- **Brief**
Your task is to retype the lines from the opening of the material through the line that includes "roberto cavalli white". Do not copy the pictures.

- **Dataset excerpt**
::::
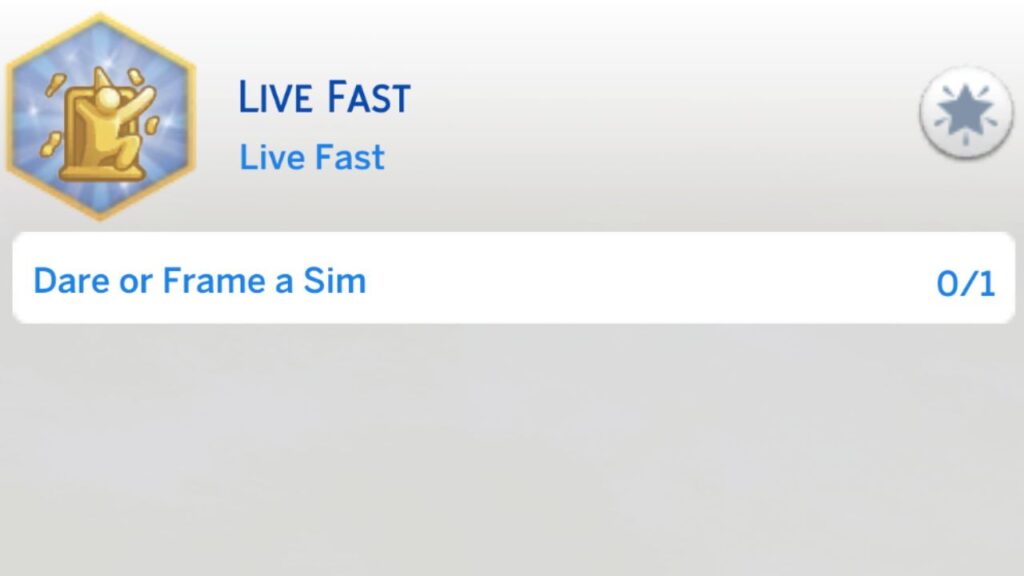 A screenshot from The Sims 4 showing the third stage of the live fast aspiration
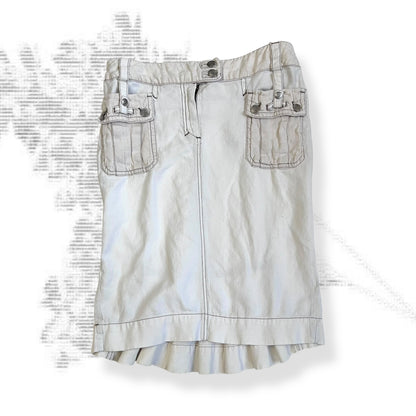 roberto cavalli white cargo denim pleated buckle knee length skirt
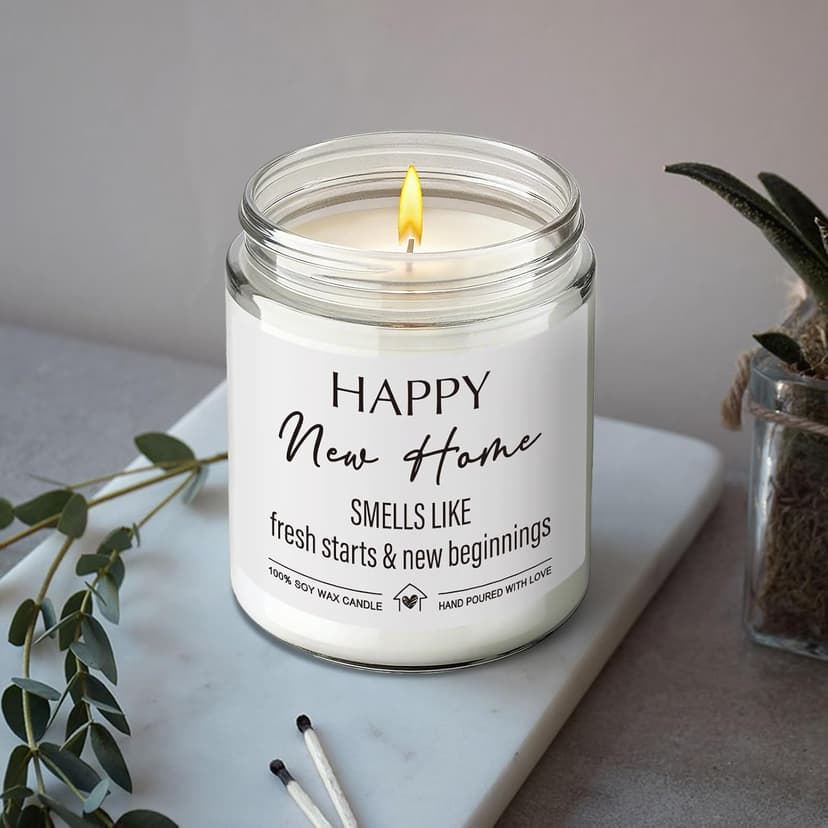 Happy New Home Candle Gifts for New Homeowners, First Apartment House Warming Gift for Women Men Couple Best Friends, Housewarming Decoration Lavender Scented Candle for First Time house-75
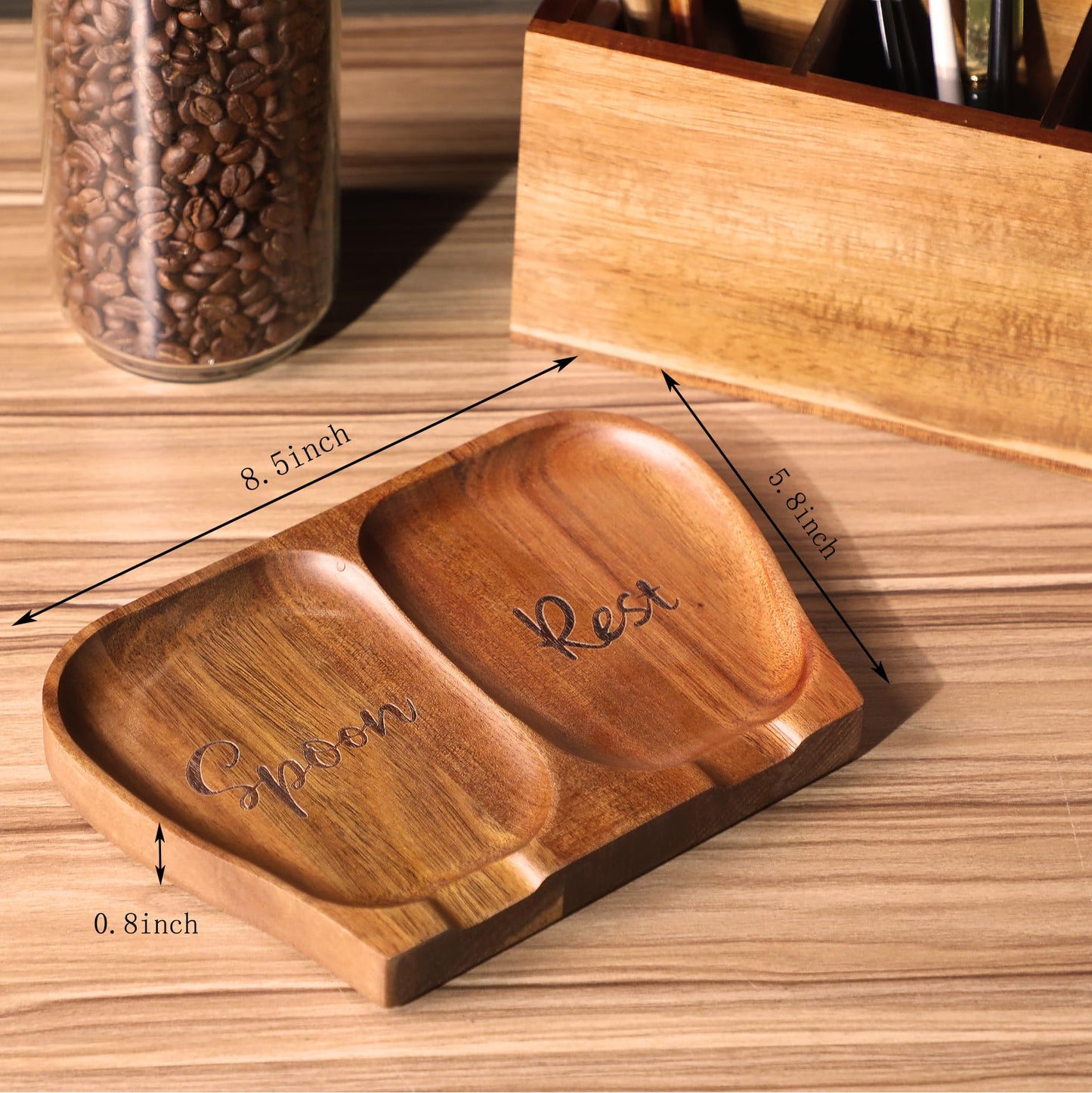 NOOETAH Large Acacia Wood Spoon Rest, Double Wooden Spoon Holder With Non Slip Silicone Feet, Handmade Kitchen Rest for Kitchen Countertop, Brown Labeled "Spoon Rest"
::::
- **Your solution**
 A screenshot from The Sims 4 showing the third stage of the live fast aspiration
 roberto cavalli white cargo denim pleated buckle knee length skirt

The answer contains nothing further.